ASSIGNMENT: In the entries below, which lines run from the one containing "Mixoy 42ââCorduroy Chaise" to the one containing "Image of Thin"? Copy exactly those lines, ends included, and no others.

MATERIALS PROVIDED:
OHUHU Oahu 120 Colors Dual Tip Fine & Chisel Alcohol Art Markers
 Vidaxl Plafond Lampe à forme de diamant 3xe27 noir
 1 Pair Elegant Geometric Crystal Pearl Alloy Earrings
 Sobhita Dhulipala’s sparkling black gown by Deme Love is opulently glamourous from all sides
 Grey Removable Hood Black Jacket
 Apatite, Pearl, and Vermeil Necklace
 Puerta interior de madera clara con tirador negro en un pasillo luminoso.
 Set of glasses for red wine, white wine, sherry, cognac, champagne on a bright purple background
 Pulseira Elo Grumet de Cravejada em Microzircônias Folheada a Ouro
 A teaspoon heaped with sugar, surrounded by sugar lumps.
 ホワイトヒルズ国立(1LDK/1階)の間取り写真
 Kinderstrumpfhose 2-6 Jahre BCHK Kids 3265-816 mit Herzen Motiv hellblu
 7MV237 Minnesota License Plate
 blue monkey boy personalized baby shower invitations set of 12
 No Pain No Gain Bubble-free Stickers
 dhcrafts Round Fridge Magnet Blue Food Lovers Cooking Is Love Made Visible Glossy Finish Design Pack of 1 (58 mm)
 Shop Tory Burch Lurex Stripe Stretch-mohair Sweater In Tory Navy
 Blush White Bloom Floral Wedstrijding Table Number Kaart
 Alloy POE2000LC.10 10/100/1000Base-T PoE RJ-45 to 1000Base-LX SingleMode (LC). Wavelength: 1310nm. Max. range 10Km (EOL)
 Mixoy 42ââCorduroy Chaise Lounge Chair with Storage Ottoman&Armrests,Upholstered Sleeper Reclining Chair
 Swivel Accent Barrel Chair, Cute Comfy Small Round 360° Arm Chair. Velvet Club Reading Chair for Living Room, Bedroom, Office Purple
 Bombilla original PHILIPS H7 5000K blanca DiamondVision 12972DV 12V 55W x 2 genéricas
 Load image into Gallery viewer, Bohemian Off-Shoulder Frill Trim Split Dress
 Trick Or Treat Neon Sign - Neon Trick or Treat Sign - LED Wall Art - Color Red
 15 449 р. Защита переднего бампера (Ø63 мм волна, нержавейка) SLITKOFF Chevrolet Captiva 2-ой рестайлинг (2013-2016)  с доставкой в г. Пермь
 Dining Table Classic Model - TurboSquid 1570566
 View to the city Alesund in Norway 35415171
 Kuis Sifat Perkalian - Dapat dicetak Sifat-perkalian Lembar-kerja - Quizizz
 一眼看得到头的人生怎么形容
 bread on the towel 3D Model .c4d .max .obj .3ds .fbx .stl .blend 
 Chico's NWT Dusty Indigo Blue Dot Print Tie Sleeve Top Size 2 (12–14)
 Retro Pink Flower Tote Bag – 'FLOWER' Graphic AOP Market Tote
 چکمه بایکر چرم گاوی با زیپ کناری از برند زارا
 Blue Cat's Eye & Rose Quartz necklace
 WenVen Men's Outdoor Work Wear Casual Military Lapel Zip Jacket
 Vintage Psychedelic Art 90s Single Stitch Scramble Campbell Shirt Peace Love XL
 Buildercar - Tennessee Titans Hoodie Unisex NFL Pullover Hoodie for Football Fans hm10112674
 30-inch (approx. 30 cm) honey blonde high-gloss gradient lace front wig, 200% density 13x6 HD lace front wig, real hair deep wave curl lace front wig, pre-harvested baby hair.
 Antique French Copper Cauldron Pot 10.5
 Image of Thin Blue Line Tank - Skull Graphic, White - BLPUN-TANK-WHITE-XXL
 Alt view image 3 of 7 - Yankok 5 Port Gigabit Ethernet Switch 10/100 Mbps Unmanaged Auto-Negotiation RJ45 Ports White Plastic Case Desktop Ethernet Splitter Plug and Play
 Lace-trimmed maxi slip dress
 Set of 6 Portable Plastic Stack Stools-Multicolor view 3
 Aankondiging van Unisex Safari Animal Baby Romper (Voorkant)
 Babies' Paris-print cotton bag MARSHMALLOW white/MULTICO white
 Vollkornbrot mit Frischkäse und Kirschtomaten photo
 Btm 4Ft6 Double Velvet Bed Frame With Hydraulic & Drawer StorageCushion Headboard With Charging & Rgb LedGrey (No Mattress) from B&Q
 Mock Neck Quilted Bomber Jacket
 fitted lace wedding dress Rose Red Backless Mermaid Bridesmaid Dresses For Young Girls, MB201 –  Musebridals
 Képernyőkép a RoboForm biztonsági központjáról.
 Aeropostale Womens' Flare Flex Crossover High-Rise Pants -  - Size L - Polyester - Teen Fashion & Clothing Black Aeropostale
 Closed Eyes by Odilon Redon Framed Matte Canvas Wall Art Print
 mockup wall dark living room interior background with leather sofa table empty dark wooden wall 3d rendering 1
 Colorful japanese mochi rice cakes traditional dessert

WRITTEN ANSWER:
 Mixoy 42ââCorduroy Chaise Lounge Chair with Storage Ottoman&Armrests,Upholstered Sleeper Reclining Chair
 Swivel Accent Barrel Chair, Cute Comfy Small Round 360° Arm Chair. Velvet Club Reading Chair for Living Room, Bedroom, Office Purple
 Bombilla original PHILIPS H7 5000K blanca DiamondVision 12972DV 12V 55W x 2 genéricas
 Load image into Gallery viewer, Bohemian Off-Shoulder Frill Trim Split Dress
 Trick Or Treat Neon Sign - Neon Trick or Treat Sign - LED Wall Art - Color Red
 15 449 р. Защита переднего бампера (Ø63 мм волна, нержавейка) SLITKOFF Chevrolet Captiva 2-ой рестайлинг (2013-2016)  с доставкой в г. Пермь
 Dining Table Classic Model - TurboSquid 1570566
 View to the city Alesund in Norway 35415171
 Kuis Sifat Perkalian - Dapat dicetak Sifat-perkalian Lembar-kerja - Quizizz
 一眼看得到头的人生怎么形容
 bread on the towel 3D Model .c4d .max .obj .3ds .fbx .stl .blend 
 Chico's NWT Dusty Indigo Blue Dot Print Tie Sleeve Top Size 2 (12–14)
 Retro Pink Flower Tote Bag – 'FLOWER' Graphic AOP Market Tote
 چکمه بایکر چرم گاوی با زیپ کناری از برند زارا
 Blue Cat's Eye & Rose Quartz necklace
 WenVen Men's Outdoor Work Wear Casual Military Lapel Zip Jacket
 Vintage Psychedelic Art 90s Single Stitch Scramble Campbell Shirt Peace Love XL
 Buildercar - Tennessee Titans Hoodie Unisex NFL Pullover Hoodie for Football Fans hm10112674
 30-inch (approx. 30 cm) honey blonde high-gloss gradient lace front wig, 200% density 13x6 HD lace front wig, real hair deep wave curl lace front wig, pre-harvested baby hair.
 Antique French Copper Cauldron Pot 10.5
 Image of Thin Blue Line Tank - Skull Graphic, White - BLPUN-TANK-WHITE-XXL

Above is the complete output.